Enhance Model Import Flexibility: Support Backend & Quantization Selection Across Sources (HF, Ollama, Files, OCI)
Feature Request: Flexible Model Import with Backend and Quantization Selection
Currently, the model import workflow in LocalAI is somewhat rigid, especially when importing models from Hugging Face (HF), Ollama, local files, or OCI images. Users lack fine-grained control over:
- The choice of backend (e.g.,
vLLM,transformers,llama.cpp,diffusersfor image generation) - The specific quantization (e.g., Q4_K_M, Q5_K_S, GGUF variants)
- Automatic backend detection and template handling
Proposal
Enhance the model import system to support a flexible, user-driven workflow that allows:
-
Source Flexibility:
- Import models directly from Hugging Face (e.g.,
HuggingFace: meta-llama/Llama-3-8b-instruct) - Import from Ollama (e.g.,
Ollama: llama3:instruct) - Load from local files (e.g.,
.gguf,.safetensors) - Pull from OCI images (e.g.,
oci://my-registry.com/my-model:latest)
- Import models directly from Hugging Face (e.g.,
-
Backend and Quantization Selection:
- Allow users to explicitly choose the backend during import
- Provide a list of available quantizations and backends for each model
- Enable automatic detection of suitable backends based on file type (e.g.,
.gguf→llama.cpp)
-
Seamless Integration with Gallery:
- The model gallery should remain lightweight, focusing only on curated "latest and greatest" models
- The import flow should handle complex or niche models, reducing the need to maintain every model in the gallery
-
Auto-Detection of Native Templates:
- When importing a
llama.cpp-compatible model (e.g.,.gguf), detect and use its native chat template from the upstreamllama.cppproject - Fallback to inline template definition if not available (maintaining backward compatibility)
- When importing a
Benefits
- Greater flexibility for advanced users to select optimal backends and quantizations
- Reduced bloat in the model gallery—focus on quality, not quantity
- Improved user experience for importing models from diverse sources
- Better compatibility with upstream standards (e.g.,
llama.cpptemplates)
Example Workflow
- User selects "Import from Hugging Face"
- Enters
meta-llama/Llama-3-8b-instruct - LocalAI lists available quantizations (Q4_K_M, Q5_K_S, etc.) and backends (vLLM, llama.cpp, transformers)
- User selects
llama.cpp+Q4_K_M+auto-apply template - LocalAI downloads the
.gguffile, auto-applies thellama-3chat template fromllama.cpp, and loads the model
This feature would make LocalAI a truly universal model runner, supporting any model, any backend, any quantization—with minimal friction.
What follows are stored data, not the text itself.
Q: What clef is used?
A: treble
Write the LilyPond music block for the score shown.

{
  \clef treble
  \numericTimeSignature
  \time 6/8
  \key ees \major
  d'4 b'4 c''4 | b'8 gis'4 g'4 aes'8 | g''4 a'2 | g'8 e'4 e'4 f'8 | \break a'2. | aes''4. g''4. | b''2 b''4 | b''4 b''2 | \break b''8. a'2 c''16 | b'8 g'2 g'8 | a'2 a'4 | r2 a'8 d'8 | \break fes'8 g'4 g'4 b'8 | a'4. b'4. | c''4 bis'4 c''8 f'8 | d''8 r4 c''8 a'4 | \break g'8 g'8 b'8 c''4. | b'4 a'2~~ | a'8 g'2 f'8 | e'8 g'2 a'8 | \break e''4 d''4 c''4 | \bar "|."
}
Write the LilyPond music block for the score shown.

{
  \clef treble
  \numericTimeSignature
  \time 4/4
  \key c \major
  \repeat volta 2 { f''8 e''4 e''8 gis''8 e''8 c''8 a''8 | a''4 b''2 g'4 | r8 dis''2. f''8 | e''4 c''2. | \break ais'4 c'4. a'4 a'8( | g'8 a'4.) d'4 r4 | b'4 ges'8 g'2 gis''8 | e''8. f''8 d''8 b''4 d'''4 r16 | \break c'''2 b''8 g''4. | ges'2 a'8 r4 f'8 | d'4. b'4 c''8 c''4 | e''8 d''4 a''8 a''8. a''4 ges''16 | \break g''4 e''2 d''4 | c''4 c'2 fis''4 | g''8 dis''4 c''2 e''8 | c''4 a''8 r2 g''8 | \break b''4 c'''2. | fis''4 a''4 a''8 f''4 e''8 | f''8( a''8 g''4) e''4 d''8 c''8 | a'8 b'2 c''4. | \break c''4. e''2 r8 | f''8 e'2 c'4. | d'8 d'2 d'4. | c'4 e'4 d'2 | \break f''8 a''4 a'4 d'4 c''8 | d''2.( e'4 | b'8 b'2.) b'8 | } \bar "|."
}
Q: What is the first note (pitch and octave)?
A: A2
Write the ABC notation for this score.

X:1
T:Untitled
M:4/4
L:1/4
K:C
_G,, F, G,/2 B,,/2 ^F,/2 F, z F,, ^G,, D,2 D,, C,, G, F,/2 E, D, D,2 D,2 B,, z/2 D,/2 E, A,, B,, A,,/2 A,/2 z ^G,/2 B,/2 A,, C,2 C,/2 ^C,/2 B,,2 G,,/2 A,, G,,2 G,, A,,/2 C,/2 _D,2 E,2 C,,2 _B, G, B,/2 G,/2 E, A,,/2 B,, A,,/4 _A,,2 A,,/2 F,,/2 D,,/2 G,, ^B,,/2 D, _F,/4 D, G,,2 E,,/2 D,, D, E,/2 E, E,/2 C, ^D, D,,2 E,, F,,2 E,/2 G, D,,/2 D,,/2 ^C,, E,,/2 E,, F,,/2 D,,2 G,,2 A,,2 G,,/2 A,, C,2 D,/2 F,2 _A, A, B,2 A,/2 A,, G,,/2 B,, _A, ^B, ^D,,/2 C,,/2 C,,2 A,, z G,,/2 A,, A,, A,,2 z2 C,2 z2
New Import flow is available on master:
https://github.com/user-attachments/assets/01f3ed3c-d6d3-48bb-b11e-384c4299c893
Currently works with:
- llama.cpp
- vLLM
- transformers
- MLX
- MLX-VLM
Requirement Description:
When working with model repositories, it's important to note that official model configuration files (including config.json, generation_config.json, and chat_template.jinja) are not universally present across all repositories. Therefore, these configuration elements should be imported separately through a dedicated handling mechanism.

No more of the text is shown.